• Histórias para o meu avô


    Já escrevi em vários lugares que devo à minha mãe a paixão pela leitura e à minha professora primária a paixão pela escrita. Mas houve alguém na minha vida de quem nunca falei e que também contribuiu significativamente para o meu desejo de me tornar uma escritora: o meu avô.

    O meu avô foi das pessoas que mais gargalhadas me arrancou durante a infância. Para ele, os netos eram uma festa e tudo valia: pô-los a rir, pô-los a chorar, virá-los de cabeça para baixo ou molhá-los com a mangueira, mesmo que fosse Inverno. Mas mais importante que tudo, foi ele quem me ensinou a usar a imaginação.

    É que um passeio com o meu avô pela Mata da Machada, não era um simples passeio: era uma corrida no meio de uma floresta cheia de perigos. "Cuidado! Está ali um leão!", gritava de repente. "Pára! Isso são areias movediças!", alertava, obrigando-nos a saltar por cima de uma poça de lama. "Sem rir, sem chorar!" e lá íamos nós atrás dele, esfolados, enlameados e profundamente felizes.

    E os Domingos de manhã, quando dormíamos lá em casa? O edredon transformava-se num café e nós os empregados que servíamos o pequeno almoço. "Ai, que porcaria! O café está frio!" e lá íamos nós, para baixo do edredon, preparar outro. "Mas o que é isto? O café tem sal!" e lá pedíamos desculpas, voltando para o fundo da cama às gargalhadas.

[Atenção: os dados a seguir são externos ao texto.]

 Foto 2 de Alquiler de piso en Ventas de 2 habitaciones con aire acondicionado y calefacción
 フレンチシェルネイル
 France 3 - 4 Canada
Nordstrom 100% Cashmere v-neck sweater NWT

    Na praia, íamos caçar gambozinos e voltávamos com o balde cheio de caranguejos, o barquinho de borracha era um navio no meio da tempestade e as pernas dele uma ponte para passarmos por baixo e aprendermos a dar mergulhos (sem a mão no nariz!).

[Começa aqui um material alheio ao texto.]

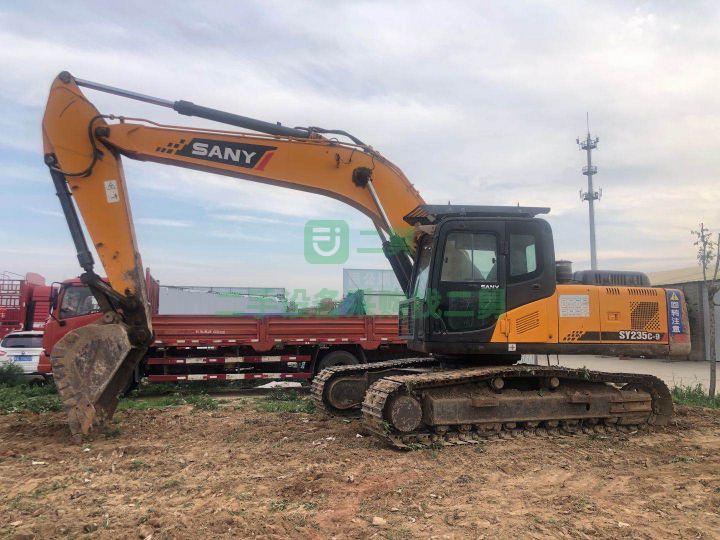 北京出售二手三一重工235個人干活挖掘機
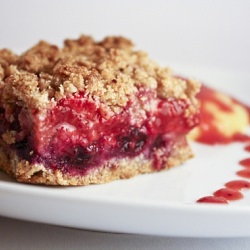 Very Berry Crumble Bars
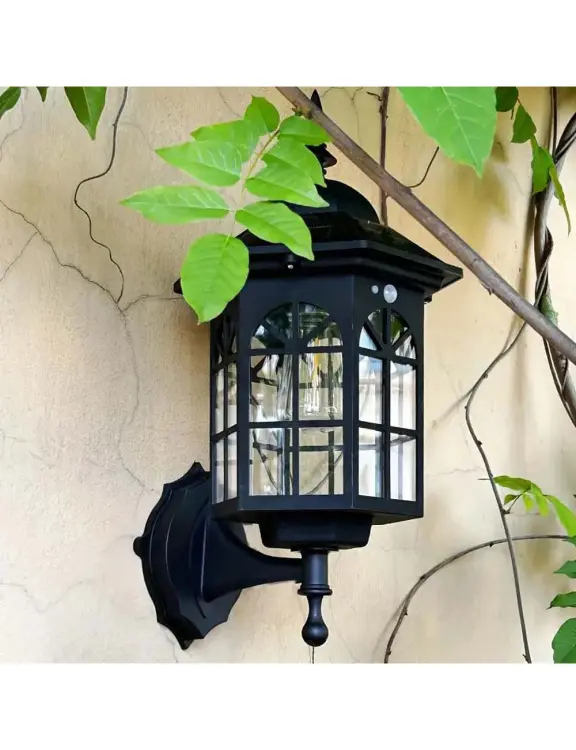 Lampa-elewacyjna-kinkiet-LED-solarna-czujnik-Retro-Czarna-IP44.jpg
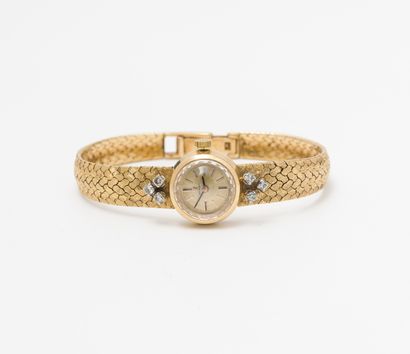 OMEGA Montre-bracelet de dame en or jaune (750) et petits diamants de taille brillant...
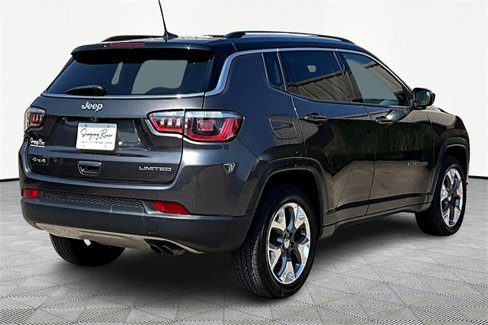 Used 2018 Jeep Compass Limited image 5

    Até foi o meu avô quem baptizou o meu amigo imaginário! Sim, Perana não é um nome que uma menina de cinco anos inventasse. Mas ao contrário dos outros adultos, que se riam das minhas conversas com o meu amigo invisível, o meu avô fazia-me perguntas sobre ele e obrigava-me a inventar histórias atrás de histórias acerca do que ele me dizia. Vendo bem, foi o meu avô que me ajudou a construir a minha primeira personagem, antes mesmo de saber ler ou escrever.

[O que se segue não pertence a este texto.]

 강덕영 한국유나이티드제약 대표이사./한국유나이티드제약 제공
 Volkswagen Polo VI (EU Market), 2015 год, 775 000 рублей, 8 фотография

    Tenho pena de muitas coisas que não vivi nos últimos vinte anos ao lado do meu avô. Tenho pena que não tenha conhecido o meu marido e os meus filhos. Que não tenha estado no meu casamento, no meu final de curso e em tantos outros momentos marcantes da vida. Tenho pena de não poder abraçá-lo nem deitar-me na sua cama a conversar, como fizemos tantas vezes. Mas a coisa de que tenho mais pena é que ele não tenha assistido ao momento em que as minhas histórias, aquelas que ele ajudou a escrever por tanto ter exercitado o músculo da minha criatividade, se tornaram livros de verdade.

    Pode ser que aquela ideia reconfortante de que os nossos mortos estão a assistir às nossas vidas, lá onde se movem os espectros, seja real. Mesmo que não seja, uma coisa é certa: o meu avô vive dentro de mim há precisamente vinte anos e, enquanto assim for, continuarei a inventar histórias para lhe contar.